There are a few 'inspirational' stories that I found in Auschwitz. One of them is about a Polish priest. For the past several posts, there have been photos of hundreds of prisoners who died here, and it seems fairly easy to scroll past those faces, and in a few minutes, forget about them. But, when those faces have a name and a story . . . well, that face is not so easy to forget.
St. Maksymillan Kolbe
(1894 - 1941)
Maximilian Kolbe was a Polish Conventual Franciscan friar most famous for volunteering to die in place of a stranger here.
In 1912 he was sent to Kraków, and in the same year to a college in Rome, where he studied philosophy, theology, mathematics, and physics. He earned a doctorate in philosophy in 1915 at the Pontifical Gregorian University, and the doctorate in theology in 1919 at the Pontifical University of St. Bonaventure. During his time as a student, he witnessed vehement demonstrations against Popes St. Pius X and Benedict XV in Rome and was inspired to organize the Militia Immaculata, or Army of Mary, to work for conversion of sinners and the enemies of the Catholic Church through the intercession of the Virgin Mary. The Immaculata friars utilized the most modern printing and administrative techniques in publishing catechetical and devotional tracts, a daily newspaper with a circulation of 230,000 and a monthly magazine with a circulation of over one million. While he was highly regarded for his devotion to the Catholic Church, some of his writings had an unsettling anti-Semitic sentiment.
Between 1930 and 1936 , he took a series of missions to Japan, where he founded a monastery at the outskirts of Nagasaki, a Japanese paper, and a seminary. The monastery he founded remains prominent in the Roman Catholic Church in Japan. Kolbe decided to build the monastery on a mountain side that, according to Shinto beliefs, was not the side best suited to be in tune with nature. When the atomic bomb was dropped on Nagasaki, Kolbe’s monastery was saved because the blast of the bomb hit the other side of the mountain, which took the main force of the blast. Had Kolbe built the monastery on the preferred side of mountain as he was advised, his work and all of his fellow monks would have been destroyed.
Even though he may have been criticized for his anti-Semitic writings, during the World War II he provided shelter to refugees from Greater Poland, including 2,000 Jews whom he hid from Nazi persecution in his friary in Niepokalanów. He was also active as a radio amateur, with Polish call letters SP3RN, vilifying Nazi activities through his reports.
On February 17, 1941, he was arrested by the German Gestapo and was imprisoned in the Pawiak prison. On May 25, was transferred to Auschwitz I as prisoner #16670.
In July 1941 a man from Kolbe’s barracks vanished, prompting SS-Hauptsturmführer Karl Fritzsch, the deputy camp commander, to choose men from the same barracks to be placed in one of the camps starvation cells to die in order to deter further escape attempts.
This action was based on the Nazi's "Doctrine of Collective Responsibility."
One of the selected men, Franciszek Gajowniczek, cried out, lamenting his family and who would take care of his wife and children. Kolbe volunteered to take his place.

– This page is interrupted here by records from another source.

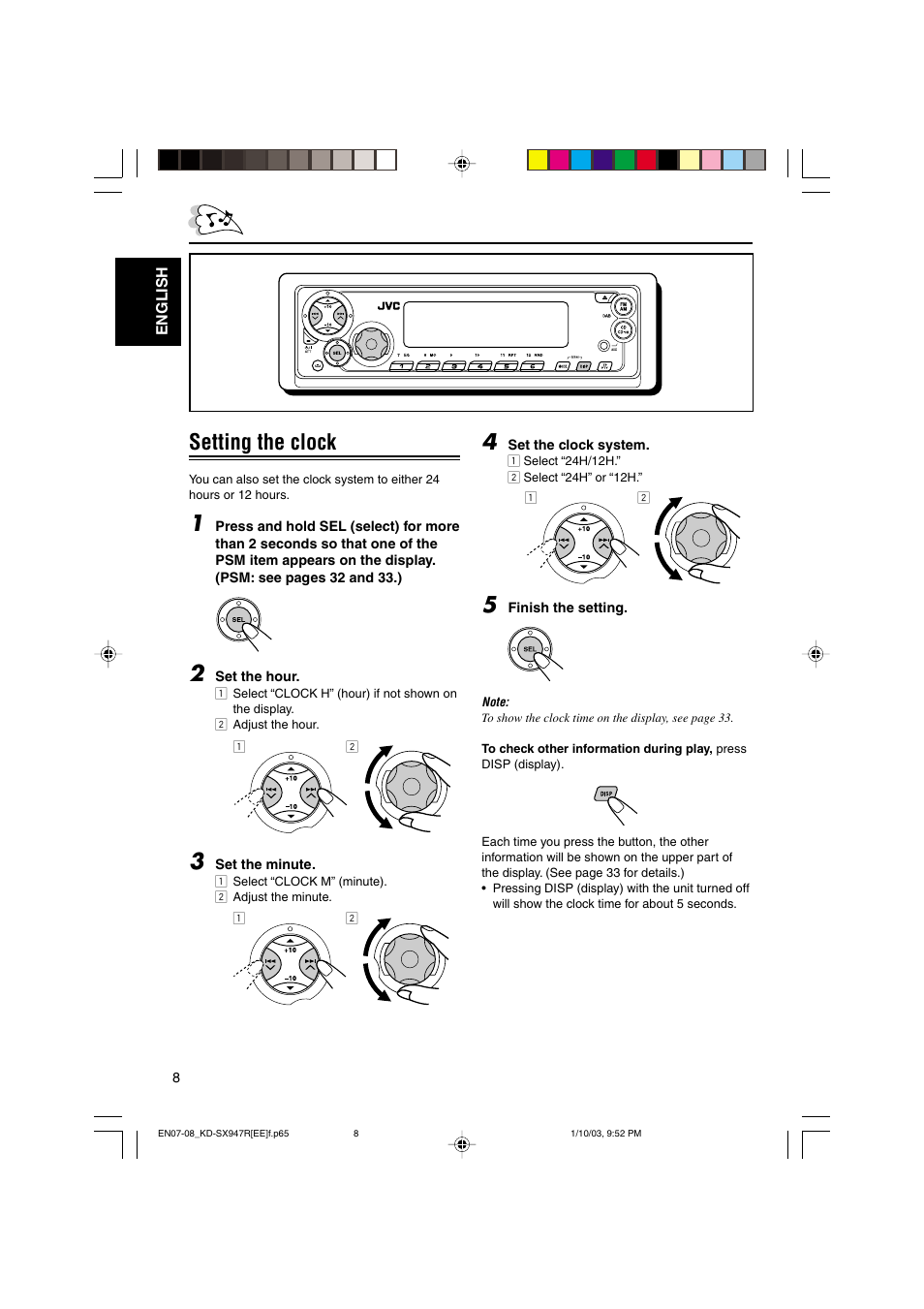 Setting the clock | JVC GET0126-001A User Manual | Page 8 / 56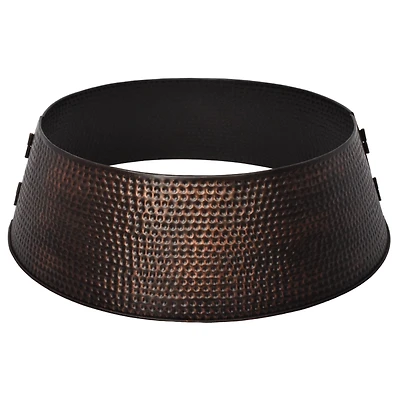 Holiday Time Metal Tree Collar Brushed Brown Finish, Christmas Decor, 27 inch, Holiday Time 27-inch Metal Tree Collar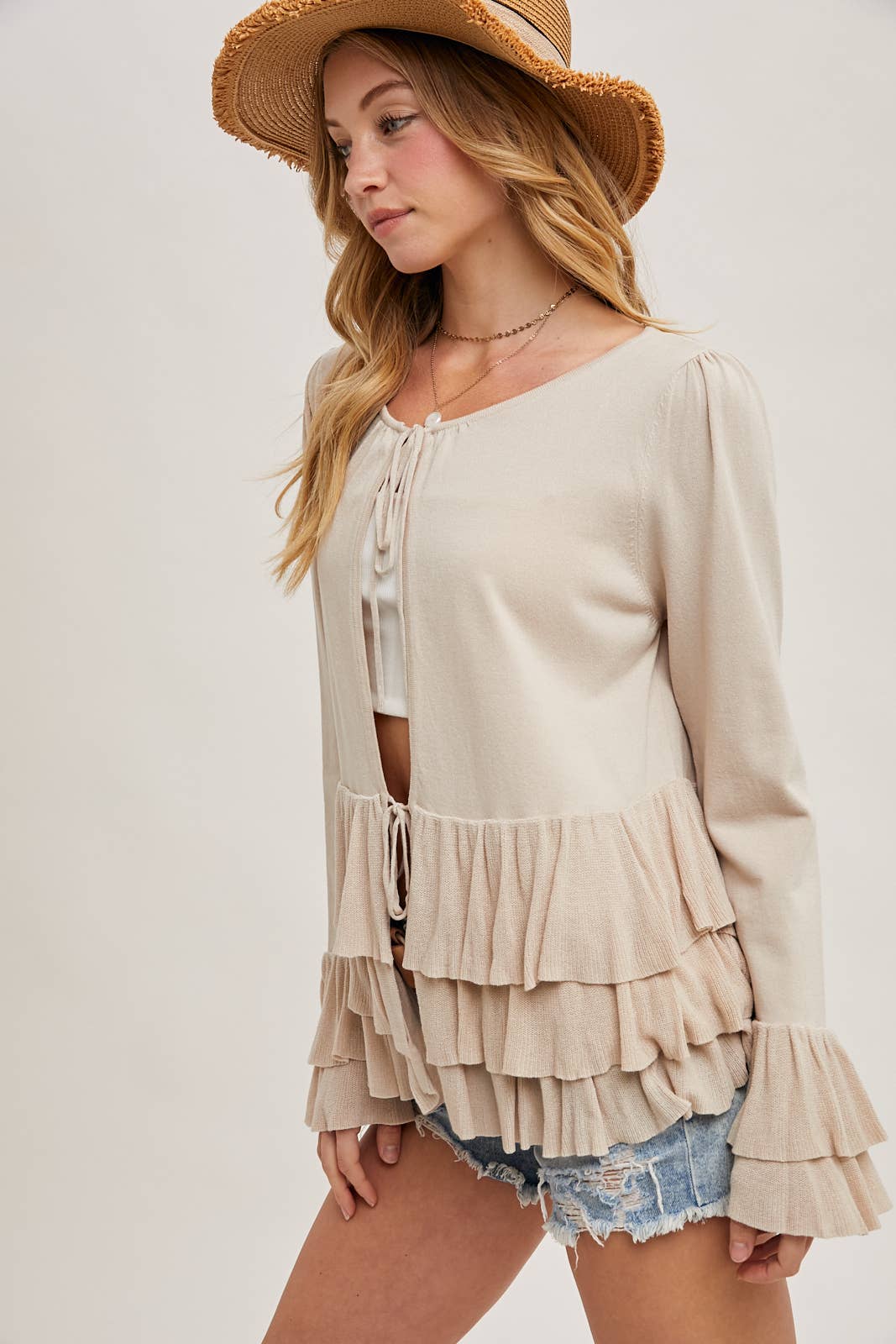 RUFFLED FRONT TIE BELL SLEEVE CARDIGAN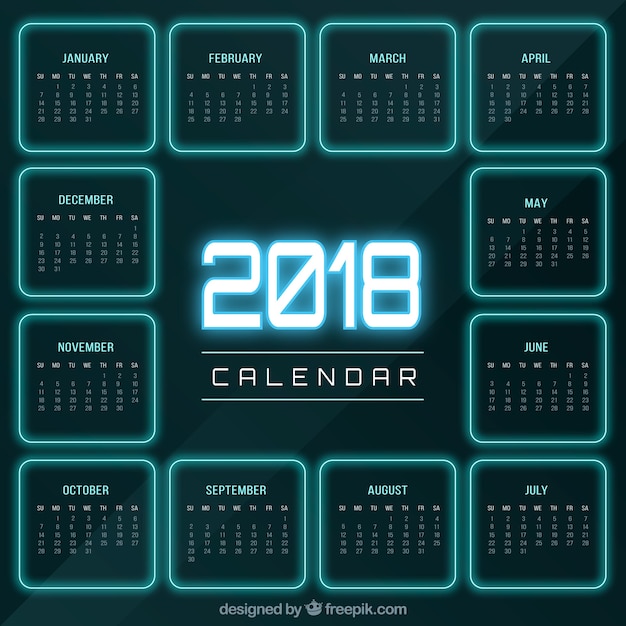 Modelo de calendário 2018 moderno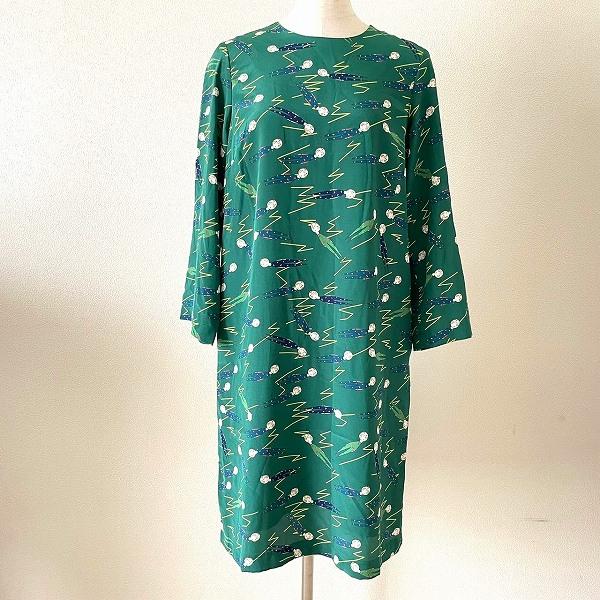 anc マンナイン mannine ワンピース S 緑系 イラスト柄 レディース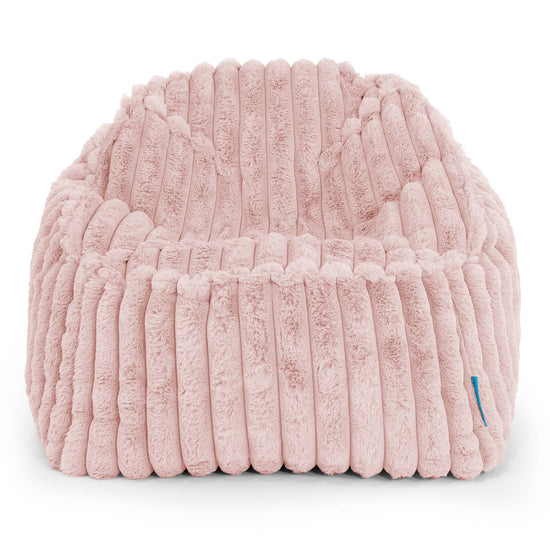 Le Pouf Enfant Doudou 2-6 ans - Velours Côtelé Ultra Pelucheux Rose Pastel 02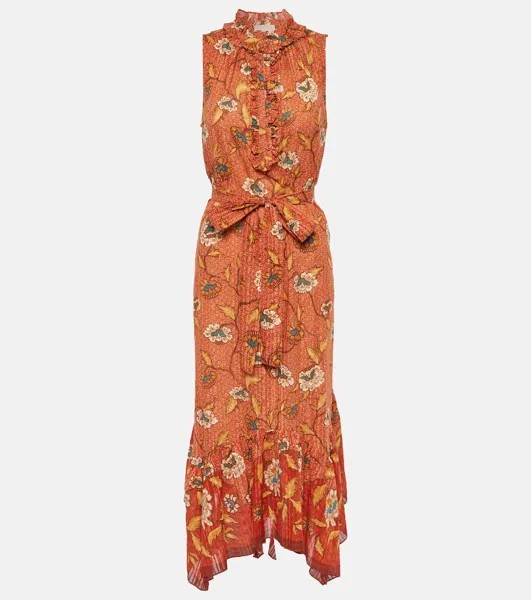 Платье миди beverly с цветочным принтом Ulla Johnson, апельсин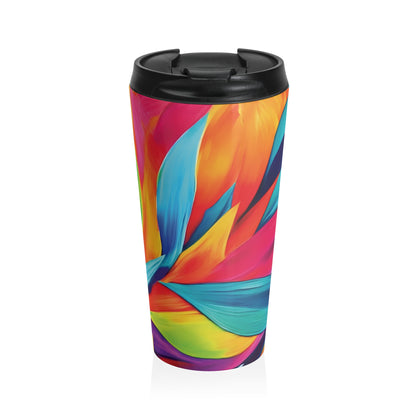 Colorful Abstract Petals Stainless Steel Travel Mug - AURABAGS SHOP
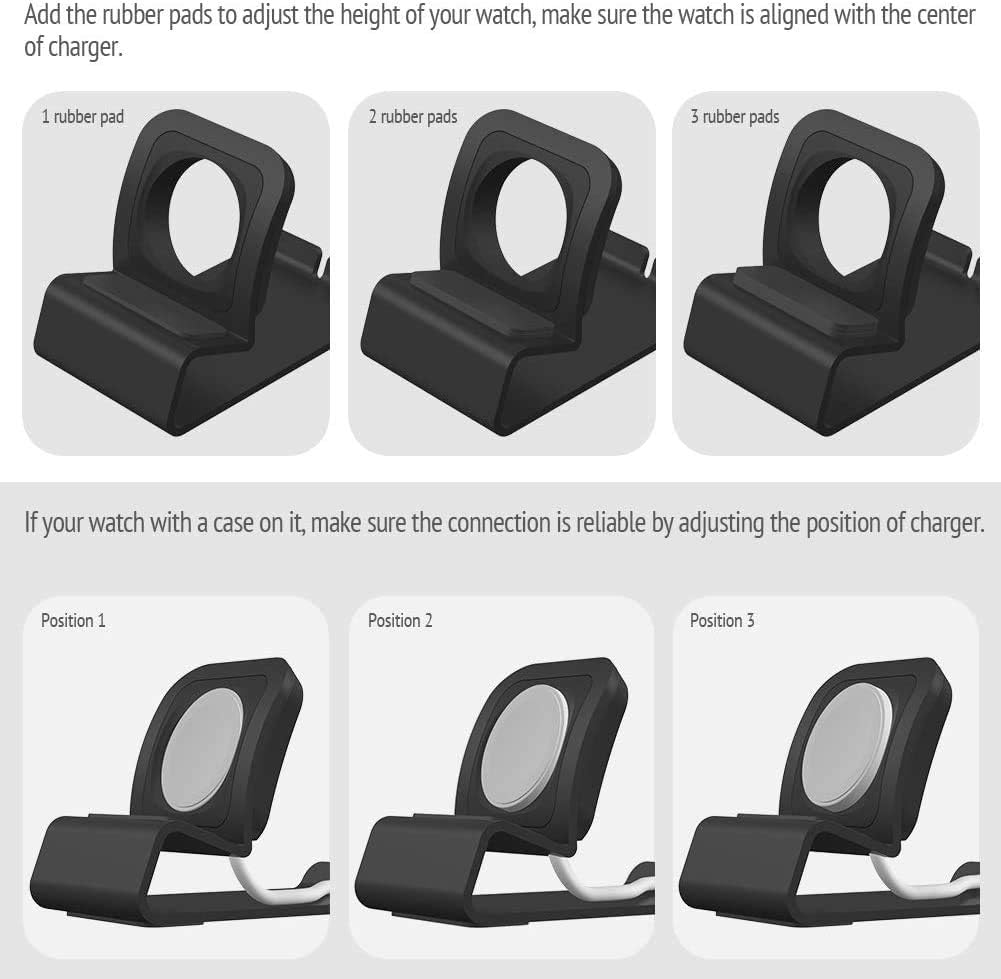 CQ 49mm 46mm 45mm 44mm 42mm 41mm 40mm 38mm 10 9 8 7 6 5 4 3 2, Charger Stand for Apple Watch iWatch Series SE Ultra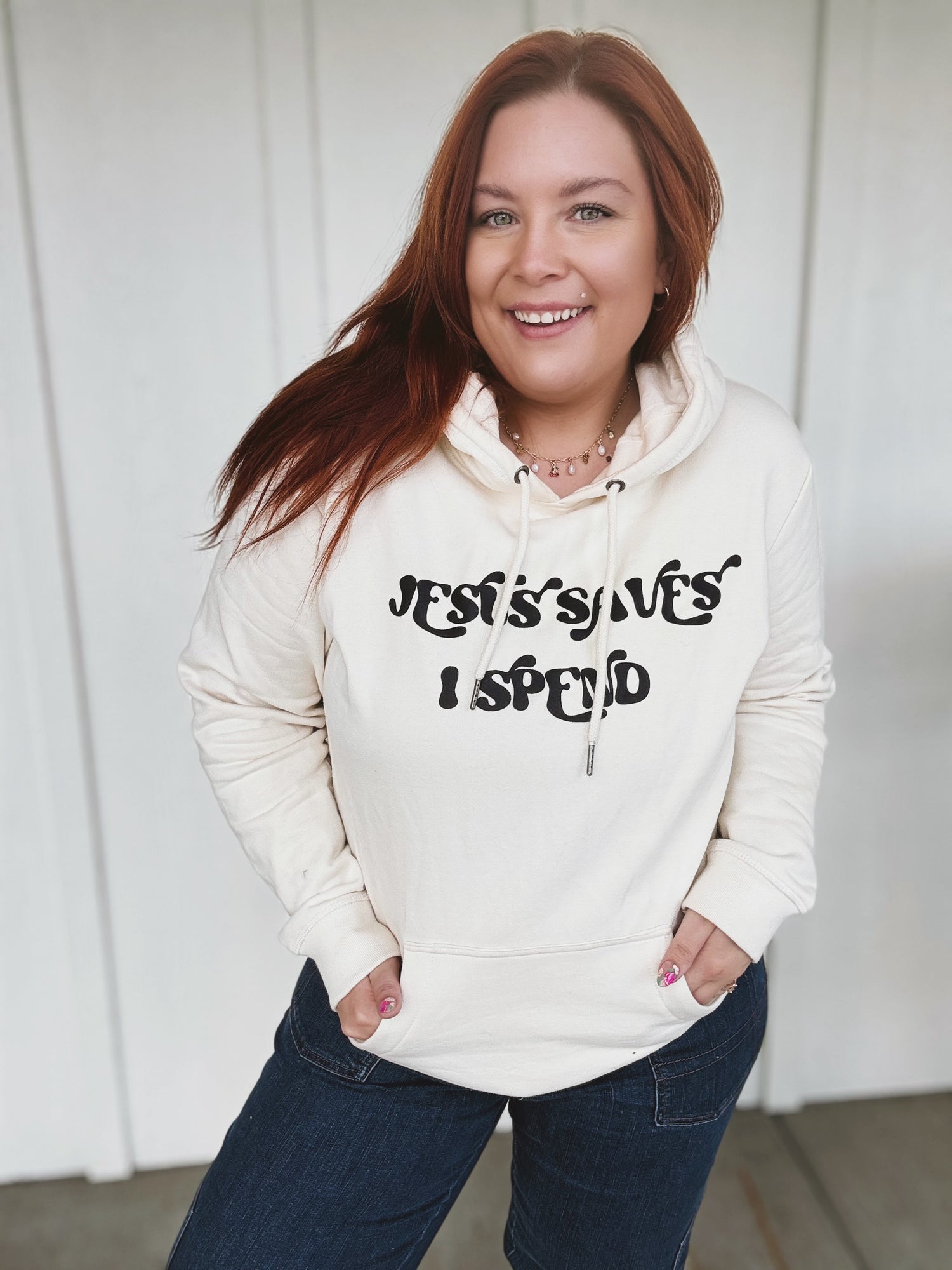 Jesus Saves I Spend Hoodie in Cream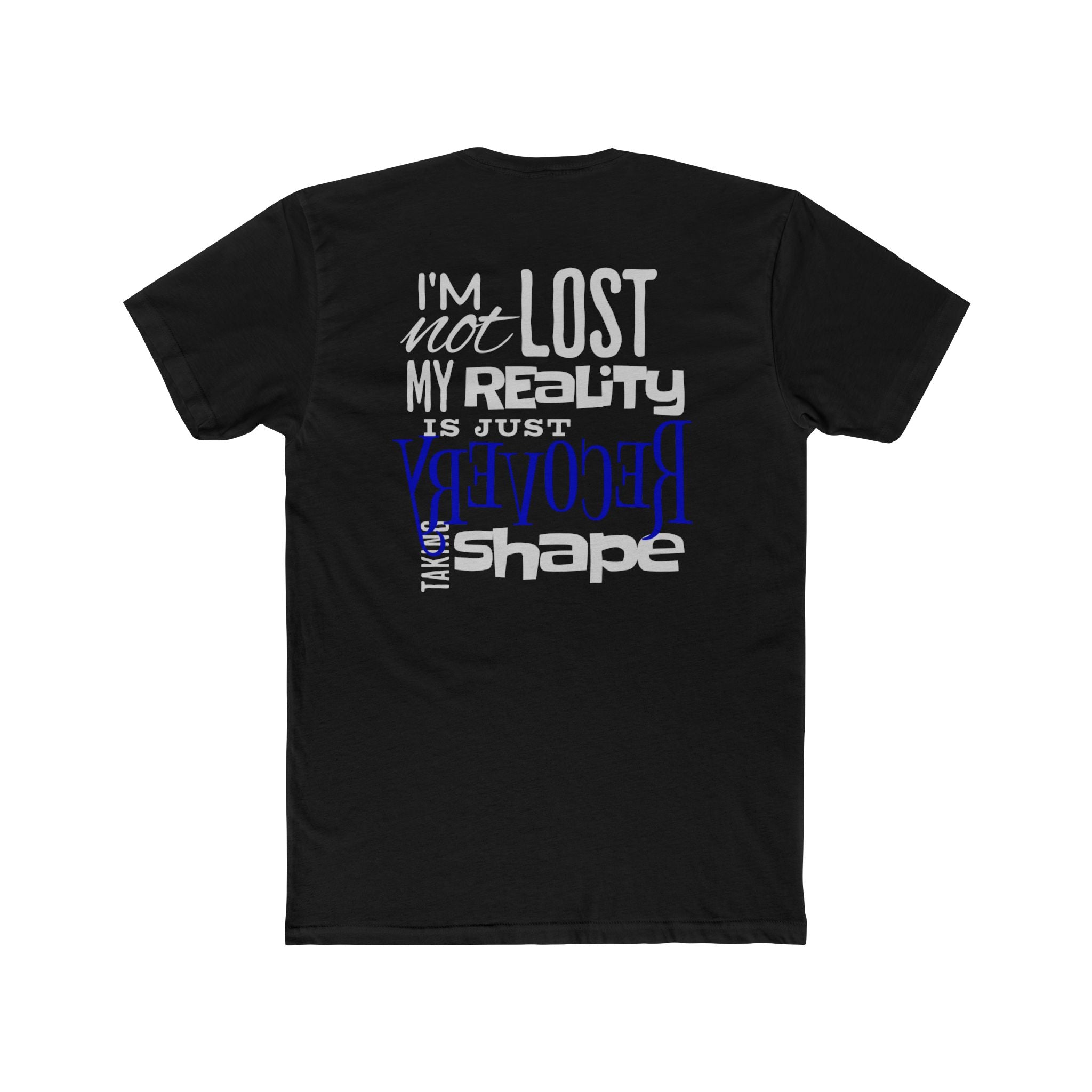(DESIGN ON BACK) Reality Shape Unisex Cotton Crew Tee, Motivational Tee, Comfortable Casual Wear, Graphic T-Shirt, Gift for Dreamers, Unique Tee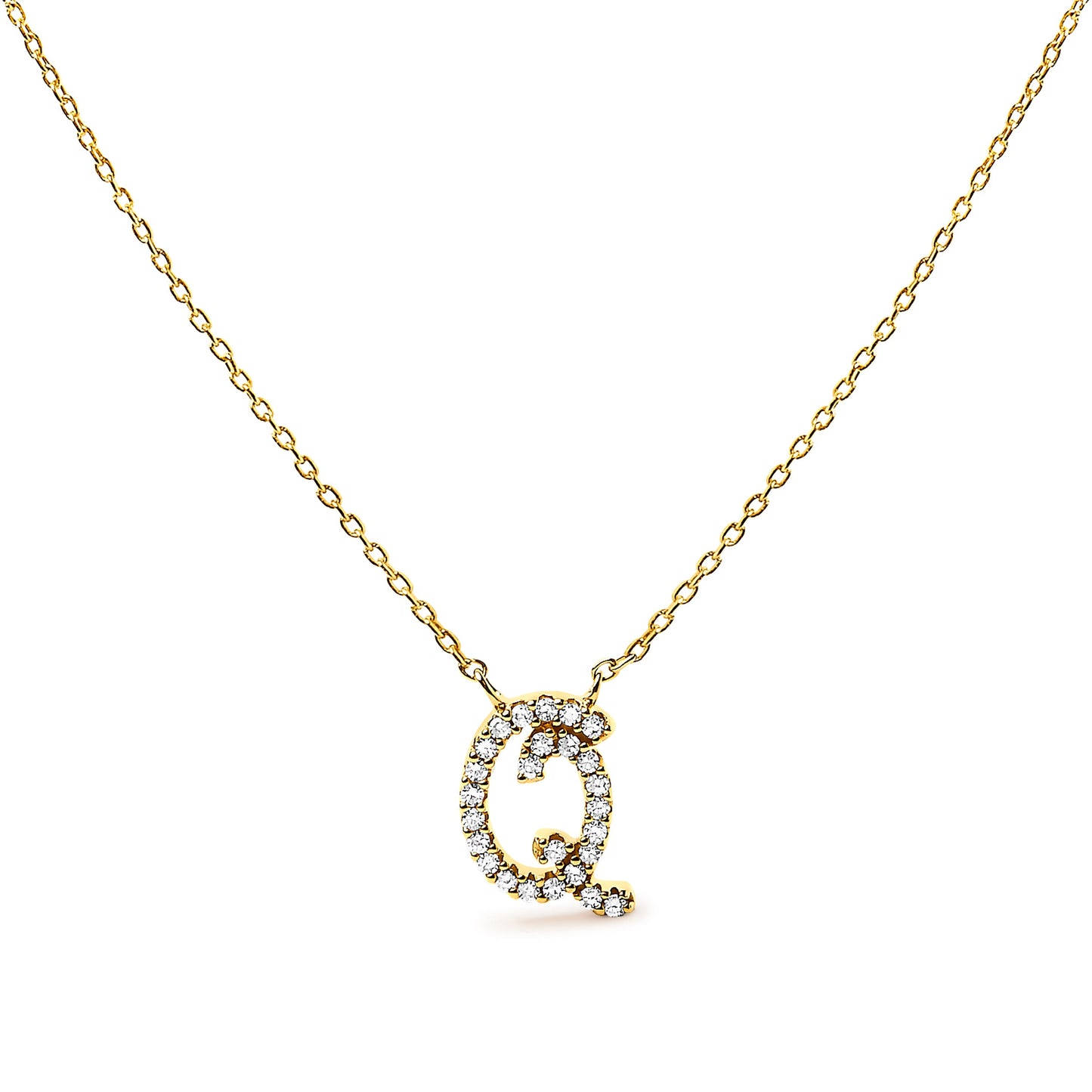 14K White Gold Diamond Accent "A" Initial Script Style Pendant Necklace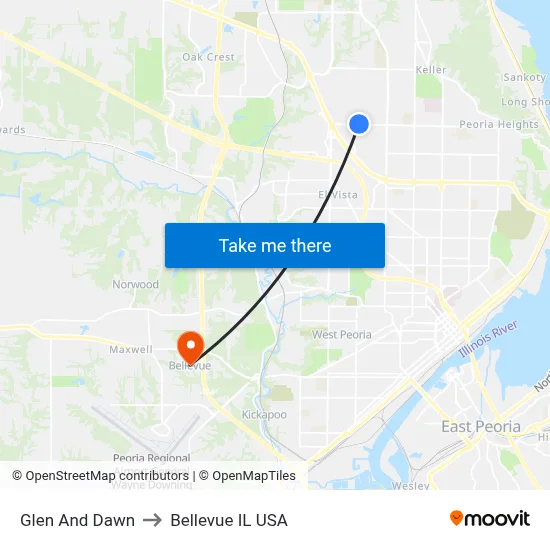 Glen And Dawn to Bellevue IL USA map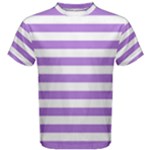 Horizontal Stripes - White and Lavender Violet Men s Cotton Tee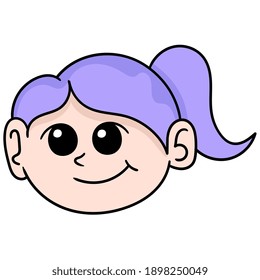 Cartoon Head Purple Haired Girl Smiling Stock Vector (Royalty Free ...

During the time in the cell, Kolbe led the men in songs and prayer. After several weeks of dehydration and starvation, only Kolbe and three others were still alive. (Some reports say Kolbe was the only survivor.) The story of his survival spread throughout the camp, and Kolbe became an inspiration to the other prisoners. To squelch the hope he had given others, the Nazis executed him by a lethal injection of carbolic acid.
It is reported that the man who had disappeared was later found drowned in the camp latrine.
Father Kolbe was beatified as a confessor by Pope Paul VI in 1971 and was canonized by Pope John Paul II on October 10, 1982 in the presence of Franciszek Gajowniczek, the man who he took the place of to go into that starvation cell. Upon canonization, the Pope declared St. Maximilian Kolbe not a confessor, but a martyr.